More concise way to build a configuration class using environment variables?

The most immediate change that comes to mind is to change new to be:

method new() {
    sub env(Str $envVar) {
        %*ENV{$envVar} // die "environment variable $envVar must exist"
    }

    return self.bless(
        config_string_a => env('CONFIG_STRING_A'),
        config_string_b => env('CONFIG_STRING_B'),
        config_flag_c => Bool(env('CONFIG_FLAG_C')),
    );
}

While // is a definedness check rather than an existence one, the only way an environment variable will be undefined is if it isn't set. That gets down to one mention of %*ENV and also of each environment variable.

If there's only a few, then I'd likely stop there, but the next bit of repetition that strikes me is the names of the attributes are just lowercase of the names of the environment variables, so we could eliminate that duplication too, at the cost of a little more complexity:

method new() {
    multi env(Str $envVar) {
        $envVar.lc => %*ENV{$envVar} // die "environment variable $envVar must exist"
    }
    multi env(Str $envVar, $type) {
        .key => $type(.value) given env($envVar)
    }

    return self.bless(
        |env('CONFIG_STRING_A'),
        |env('CONFIG_STRING_B'),
        |env('CONFIG_FLAG_C', Bool),
    );
}

Now env returns a Pair, and | flattens it in to the argument list as if it's a named argument.

Finally, the "power tool" approach is to write a trait like this outside of the class:

multi trait_mod:<is>(Attribute $attr, :$from-env!) {
    my $env-name = $attr.name.substr(2).uc;
    $attr.set_build(-> | {
        with %*ENV{$env-name} -> $value {
            Any ~~ $attr.type ?? $value !! $attr.type()($value)
        }
        else {
            die "environment variable $env-name must exist"
        }
    });
}

And then write the class as:

class Configuration {
    has $.config_string_a is from-env;
    has $.config_string_b is from-env;
    has Bool $.config_flag_c is from-env;
}

Traits run at compile time, and can manipulate a declaration in various ways.
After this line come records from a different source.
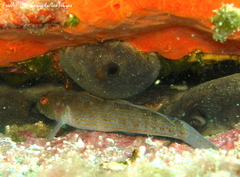 Gobius xanthocephalus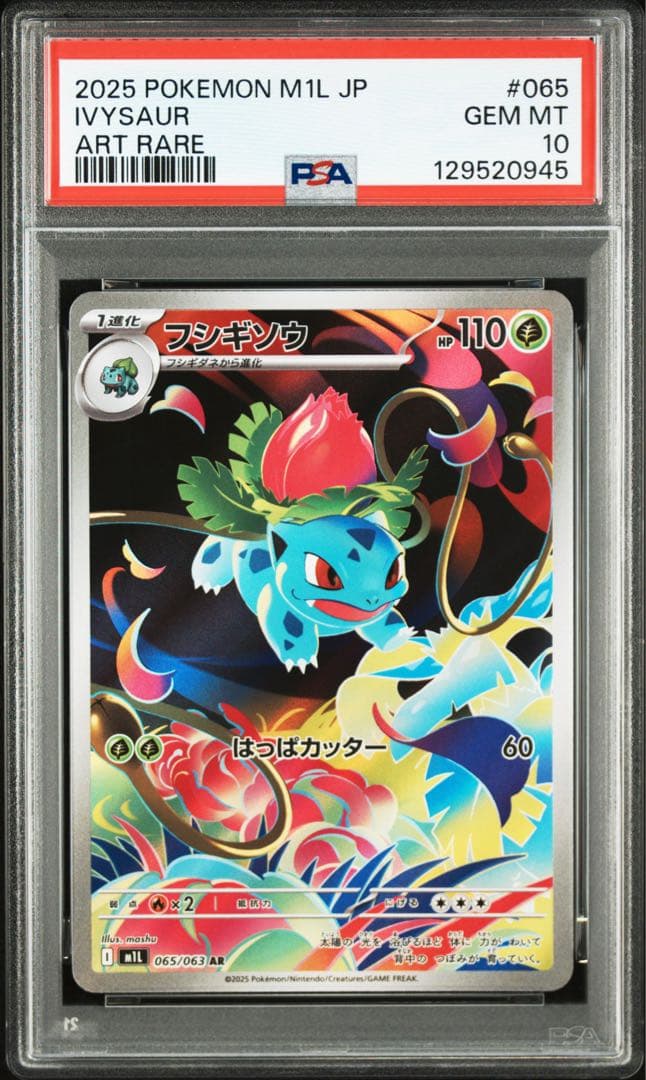 PSA10 フシギソウAR 3枚セット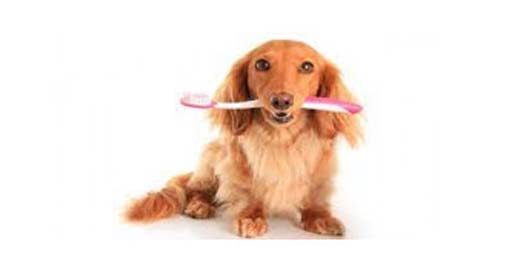 Στοματική φροντίδα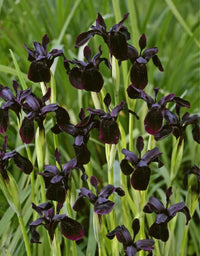 Black Is Black Bearded Iris Seeds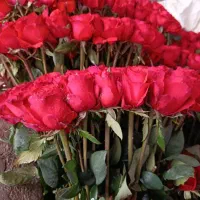 گل مهندسی ایرانی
This trait calculates the name of the environment variable based on the attribute name (attribute names are always like $!config_string_a, thus the substr). The set_build sets the code that will be run to initialize the attribute when the class is created. That gets passed various things that in our situation aren't important, so we ignore the arguments with |. The with is just like if defined, so this is the same approach as the // earlier. Finally, the Any ~~ $attr.type check asks if the parameter is constrained in some way, and if it is, performs a coercion (done by invoking the type with the value).


So I mentioned this in a comment but I figured it would be good as an actual answer. I figured this would be useful functionality for anyone building a Docker based system so took Jonanthan's example code, added some functionality for exporting Traits Elizabeth showed me and made Trait::Env

Usage is :

use Trait::Env;
class Configuration {
    has $.config_string_a is env;
    has $.config-string-b is env(:required);
    has Bool $.config-flag-c is env is default(True);
}

The :required flag turns on die if not found. And it plays nicely with the is default trait. Attribute names are upper cased and - is replaced with _ before checking %*ENV.

I have a couple of planned changes, make it throw a named Exception rather than just die and handle Boolean's a bit better. As %*ENV is Strings having a Boolean False is a bit of a pain.